● Problem description
Copy the entries below exactly. Images do not belong in the copy.

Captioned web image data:
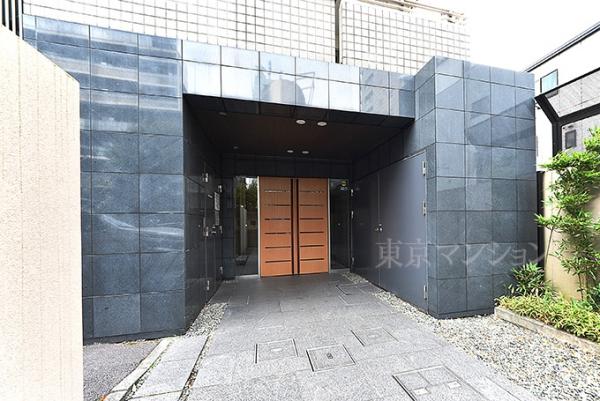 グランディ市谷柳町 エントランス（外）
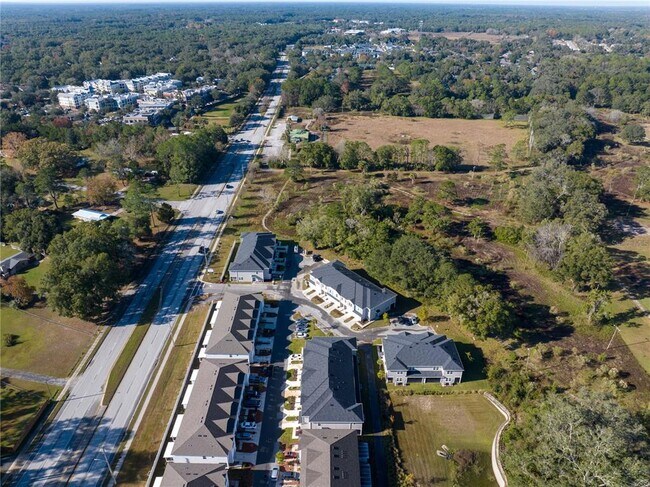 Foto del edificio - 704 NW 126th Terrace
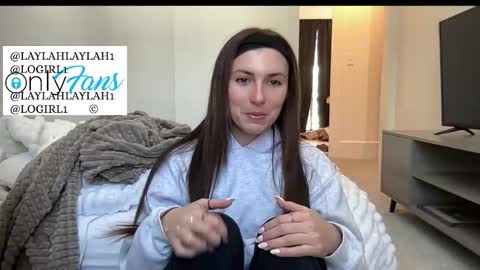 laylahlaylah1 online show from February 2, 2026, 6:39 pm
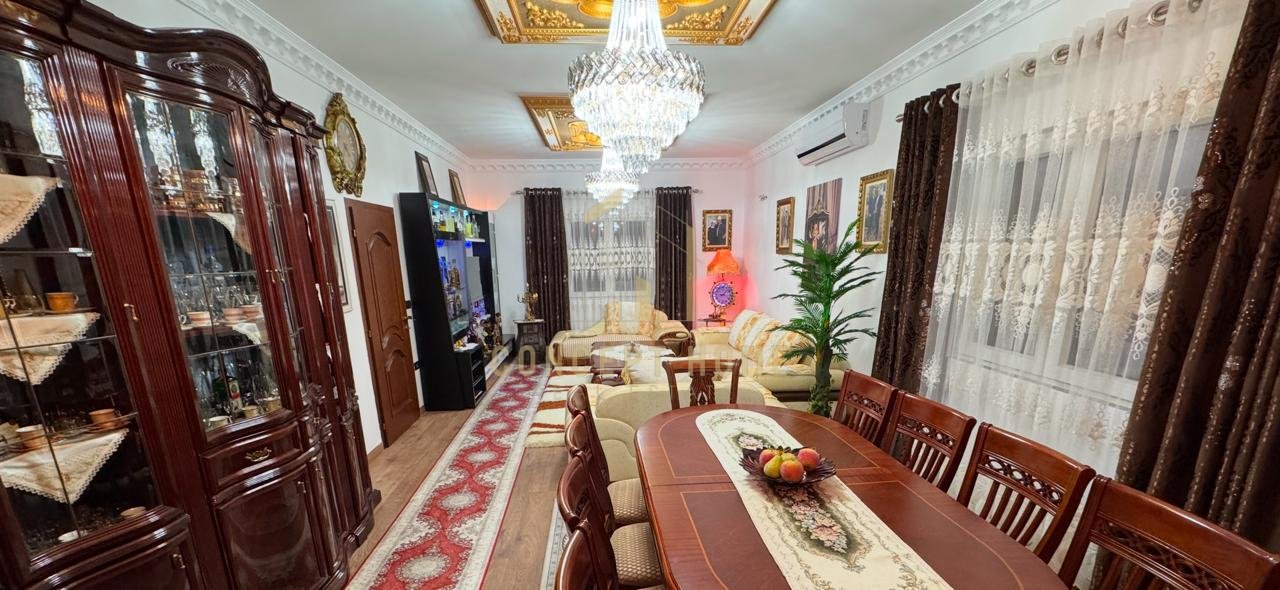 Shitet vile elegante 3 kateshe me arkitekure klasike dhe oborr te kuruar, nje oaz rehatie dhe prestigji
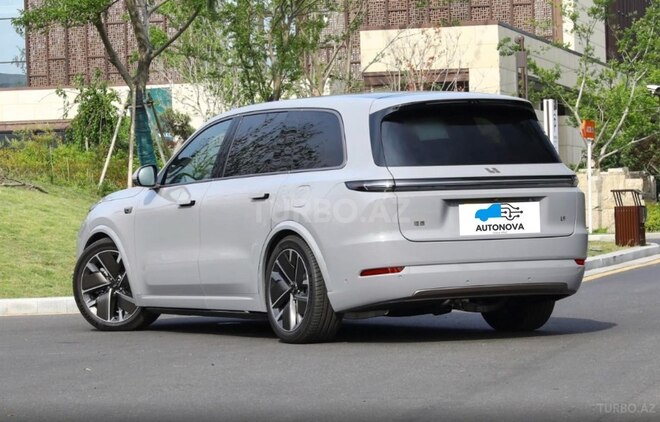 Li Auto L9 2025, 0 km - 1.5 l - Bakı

● Expected answer
 グランディ市谷柳町 エントランス（外）
 Foto del edificio - 704 NW 126th Terrace
 laylahlaylah1 online show from February 2, 2026, 6:39 pm
 Shitet vile elegante 3 kateshe me arkitekure klasike dhe oborr te kuruar, nje oaz rehatie dhe prestigji
 Li Auto L9 2025, 0 km - 1.5 l - Bakı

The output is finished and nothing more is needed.